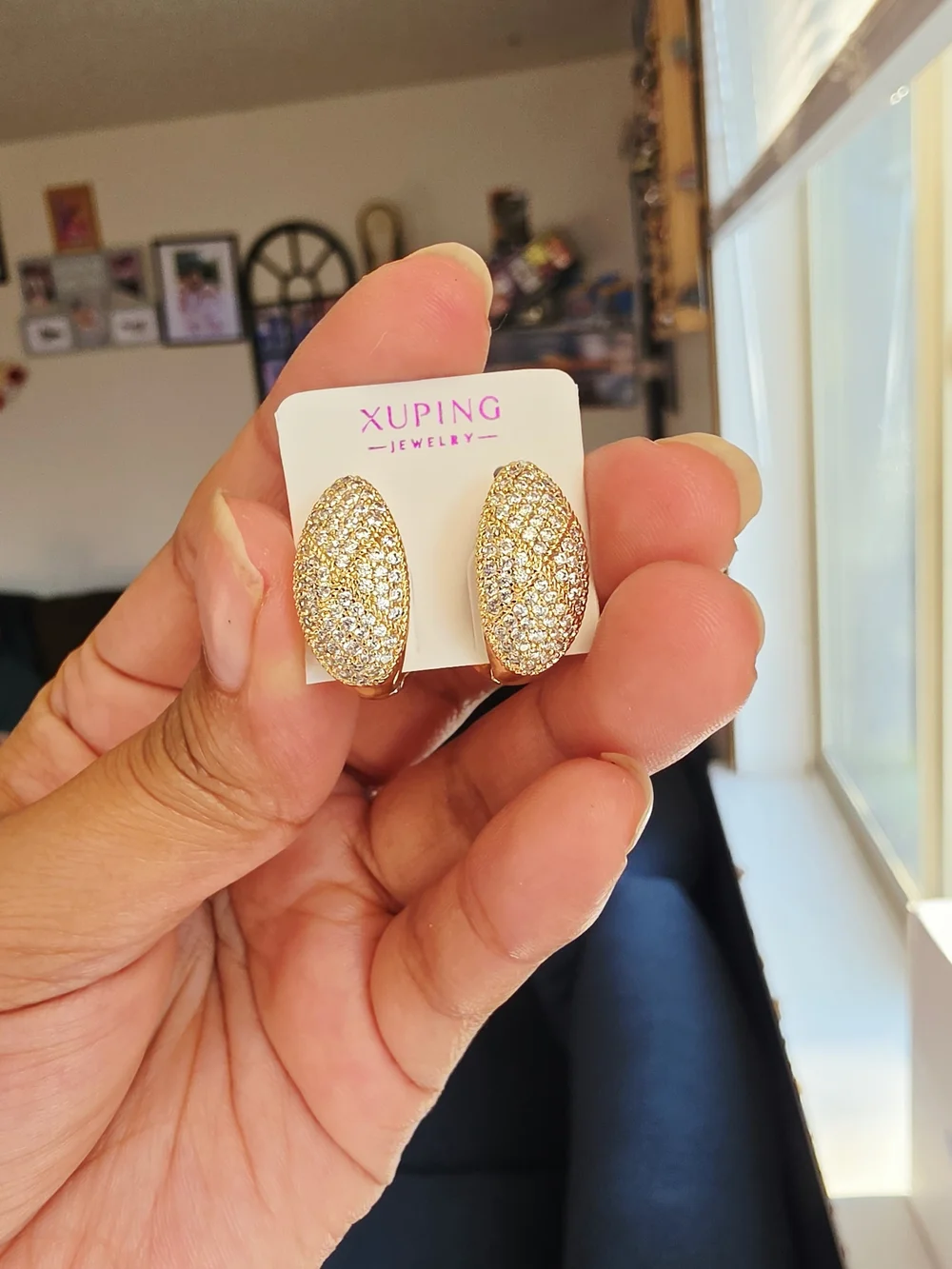 Hermosas Argollas Para Dama Oro Laminado 14k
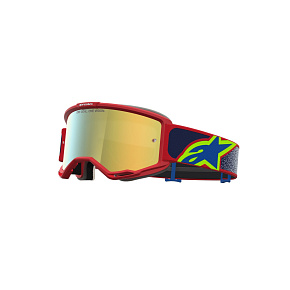 brýle VISION 5 DRAG, ALPINESTARS (červená/modrá/žlutá fluo, zrcadlové zlaté plexi) 2027 brýle VISION 5 DRAG, ALPINESTARS (červená/modrá/žlutá fluo, zrcadlové zlaté plexi) 2027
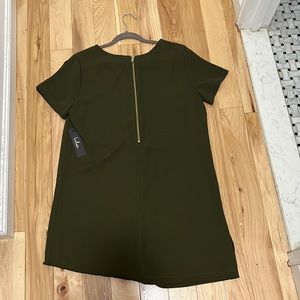 Army green mini dress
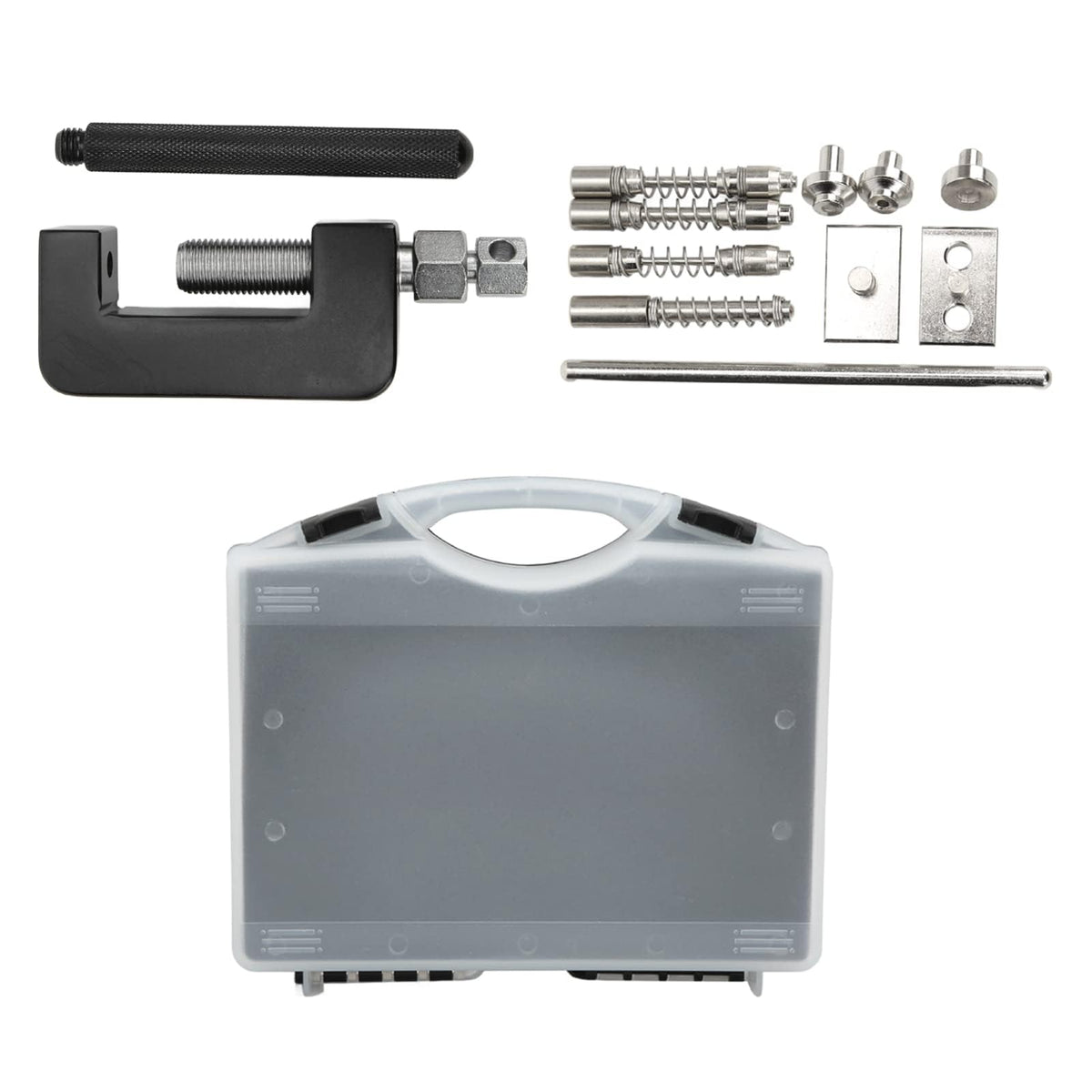 12 Pcs Motorcycle Chain Breaker Riveting Tool Set with Storage Box Q477583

====

• _WHAT THIS TASK INVOLVES_
Output exactly, and with no pictures, the lines from the line that holds "plexi) 2027 brýle" through the last line of the listing above.

• _EXERCISE OUTPUT_
 brýle VISION 5 DRAG, ALPINESTARS (červená/modrá/žlutá fluo, zrcadlové zlaté plexi) 2027 brýle VISION 5 DRAG, ALPINESTARS (červená/modrá/žlutá fluo, zrcadlové zlaté plexi) 2027
 Army green mini dress
 12 Pcs Motorcycle Chain Breaker Riveting Tool Set with Storage Box Q477583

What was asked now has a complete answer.